June 08, 2020
Carnival Of Hypocrisy
"By 2017, American companies had put at least $2.6 trillion into offshore tax shelters...Nike had $12.2 billion.... The company estimates that if its $12.2 billion was repatriated to the U.S., it would owe $4.1 billion in U.S. taxes... Designating its profits this way allows the company to avoid paying even a dime of U.S. income taxes on these profits..." - The Oregonian. More about this in a minute.
The horrible murder of George Floyd was treated by the marketing industry this week as an opportunity to express sincere desire for change.
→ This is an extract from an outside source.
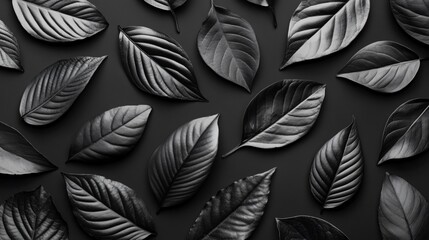 Elegant Black Leaf Pattern Background Design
Sadly, it also exposed our talent for hypocrisy.
While brand marketers were exhorting us to end practices that cause social damage to black Americans, they were themselves deeply engaged in some of the most pernicious practices.
I have my own standard for evaluating a company's true commitment to social justice. It is this: to what extremes does it go to avoid paying taxes?
Taxation may be unpleasant. Tax dollars are often squandered on idiotic schemes. Paying taxes may reduce a corporation's returns to investors. But taxation is by far the most potent source of resources for societies to redress social ills. Taxation funds education. Taxation funds housing. Taxation funds health initiatives. Taxation funds social services.
There is no way around this -- when corporations take extraordinary measures to avoid paying taxes, they are doing extraordinary harm to citizens who have the greatest need for education, housing, health, and social services. If brands really believe that Black Lives Matter they must stop starving our country of the resources to improve black lives by hiding their taxable profits in offshore tax havens. Like it or not, to a substantial degree, taxation is the engine that funds social justice.
There will be those who say that these tax dodges are perfectly legal. In many cases they are. This fact impresses me not one bit. If you're going to use social media or paid media to pound your chest about social justice, you have a higher responsibility than just to obey the letter of the law. There is little honor in being legally compliant and ethically opportunistic.
Dear business colleagues -- if you really want to help heal this country here's step one: Pay your fucking taxes. Until you're willing to do that, please instruct your marketing departments to spare us the high-minded pieties.
Let's make this so simple that even a ceo can understand it: You can't be for social justice and against paying taxes.